▸ **Task requirements**
Your response must be an exact transcription of the lines from the one containing "Author Lucia Osborne-Crowley, wearing" through the final line of the data.

[Short descriptive text snippets]
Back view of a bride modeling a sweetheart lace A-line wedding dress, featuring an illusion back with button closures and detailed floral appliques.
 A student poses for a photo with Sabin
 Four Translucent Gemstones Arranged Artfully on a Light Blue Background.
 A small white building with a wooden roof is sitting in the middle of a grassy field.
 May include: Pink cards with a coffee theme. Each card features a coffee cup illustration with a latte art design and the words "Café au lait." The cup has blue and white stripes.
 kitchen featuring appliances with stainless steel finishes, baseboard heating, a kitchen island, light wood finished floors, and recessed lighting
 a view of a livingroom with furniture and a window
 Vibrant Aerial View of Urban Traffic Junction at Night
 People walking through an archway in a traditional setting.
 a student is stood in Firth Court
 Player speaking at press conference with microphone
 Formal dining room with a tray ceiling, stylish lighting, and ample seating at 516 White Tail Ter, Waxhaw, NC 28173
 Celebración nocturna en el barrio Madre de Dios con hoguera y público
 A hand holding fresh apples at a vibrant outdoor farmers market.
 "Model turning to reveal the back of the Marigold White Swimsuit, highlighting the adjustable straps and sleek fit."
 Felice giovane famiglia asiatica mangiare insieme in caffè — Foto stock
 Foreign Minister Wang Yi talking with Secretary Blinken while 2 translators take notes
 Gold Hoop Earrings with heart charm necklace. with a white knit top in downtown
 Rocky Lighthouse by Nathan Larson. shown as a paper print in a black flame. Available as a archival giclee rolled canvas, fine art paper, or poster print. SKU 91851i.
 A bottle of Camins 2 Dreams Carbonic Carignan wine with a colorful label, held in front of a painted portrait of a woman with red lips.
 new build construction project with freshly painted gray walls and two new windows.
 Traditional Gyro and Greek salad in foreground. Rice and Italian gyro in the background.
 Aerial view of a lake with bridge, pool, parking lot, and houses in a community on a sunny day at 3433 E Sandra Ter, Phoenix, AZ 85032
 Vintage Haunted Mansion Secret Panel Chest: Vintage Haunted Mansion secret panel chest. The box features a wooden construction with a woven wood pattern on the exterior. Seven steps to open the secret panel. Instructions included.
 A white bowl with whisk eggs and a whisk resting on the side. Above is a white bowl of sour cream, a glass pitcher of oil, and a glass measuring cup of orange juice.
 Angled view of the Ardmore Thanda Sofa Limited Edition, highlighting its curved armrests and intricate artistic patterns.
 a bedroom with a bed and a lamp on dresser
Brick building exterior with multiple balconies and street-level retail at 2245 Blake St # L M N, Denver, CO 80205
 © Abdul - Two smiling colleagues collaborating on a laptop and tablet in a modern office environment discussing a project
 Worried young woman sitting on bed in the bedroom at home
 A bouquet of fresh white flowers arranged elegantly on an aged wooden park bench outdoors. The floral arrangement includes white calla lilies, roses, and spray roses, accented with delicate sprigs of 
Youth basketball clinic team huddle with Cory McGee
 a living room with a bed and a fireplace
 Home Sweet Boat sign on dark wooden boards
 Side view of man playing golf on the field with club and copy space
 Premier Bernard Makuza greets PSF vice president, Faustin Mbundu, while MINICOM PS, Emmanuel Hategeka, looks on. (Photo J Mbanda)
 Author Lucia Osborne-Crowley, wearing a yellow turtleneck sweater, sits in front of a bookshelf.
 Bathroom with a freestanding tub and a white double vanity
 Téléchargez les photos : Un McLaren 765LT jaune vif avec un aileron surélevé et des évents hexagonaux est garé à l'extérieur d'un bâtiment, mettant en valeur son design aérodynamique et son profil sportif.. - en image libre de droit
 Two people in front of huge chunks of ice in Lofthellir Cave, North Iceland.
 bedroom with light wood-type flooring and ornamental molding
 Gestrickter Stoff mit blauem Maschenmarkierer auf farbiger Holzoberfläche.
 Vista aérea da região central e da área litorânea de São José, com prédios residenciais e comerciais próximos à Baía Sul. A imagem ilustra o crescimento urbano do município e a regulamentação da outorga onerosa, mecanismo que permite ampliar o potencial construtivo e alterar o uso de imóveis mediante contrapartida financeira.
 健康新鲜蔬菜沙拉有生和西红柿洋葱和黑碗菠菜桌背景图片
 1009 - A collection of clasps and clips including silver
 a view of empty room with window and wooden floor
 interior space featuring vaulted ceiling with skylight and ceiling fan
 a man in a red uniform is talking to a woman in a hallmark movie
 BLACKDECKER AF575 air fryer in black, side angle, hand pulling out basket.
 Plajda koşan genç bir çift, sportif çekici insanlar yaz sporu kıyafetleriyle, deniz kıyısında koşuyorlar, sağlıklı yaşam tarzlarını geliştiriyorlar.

▸ **Expected answer**
 Author Lucia Osborne-Crowley, wearing a yellow turtleneck sweater, sits in front of a bookshelf.
 Bathroom with a freestanding tub and a white double vanity
 Téléchargez les photos : Un McLaren 765LT jaune vif avec un aileron surélevé et des évents hexagonaux est garé à l'extérieur d'un bâtiment, mettant en valeur son design aérodynamique et son profil sportif.. - en image libre de droit
 Two people in front of huge chunks of ice in Lofthellir Cave, North Iceland.
 bedroom with light wood-type flooring and ornamental molding
 Gestrickter Stoff mit blauem Maschenmarkierer auf farbiger Holzoberfläche.
 Vista aérea da região central e da área litorânea de São José, com prédios residenciais e comerciais próximos à Baía Sul. A imagem ilustra o crescimento urbano do município e a regulamentação da outorga onerosa, mecanismo que permite ampliar o potencial construtivo e alterar o uso de imóveis mediante contrapartida financeira.
 健康新鲜蔬菜沙拉有生和西红柿洋葱和黑碗菠菜桌背景图片
 1009 - A collection of clasps and clips including silver
 a view of empty room with window and wooden floor
 interior space featuring vaulted ceiling with skylight and ceiling fan
 a man in a red uniform is talking to a woman in a hallmark movie
 BLACKDECKER AF575 air fryer in black, side angle, hand pulling out basket.
 Plajda koşan genç bir çift, sportif çekici insanlar yaz sporu kıyafetleriyle, deniz kıyısında koşuyorlar, sağlıklı yaşam tarzlarını geliştiriyorlar.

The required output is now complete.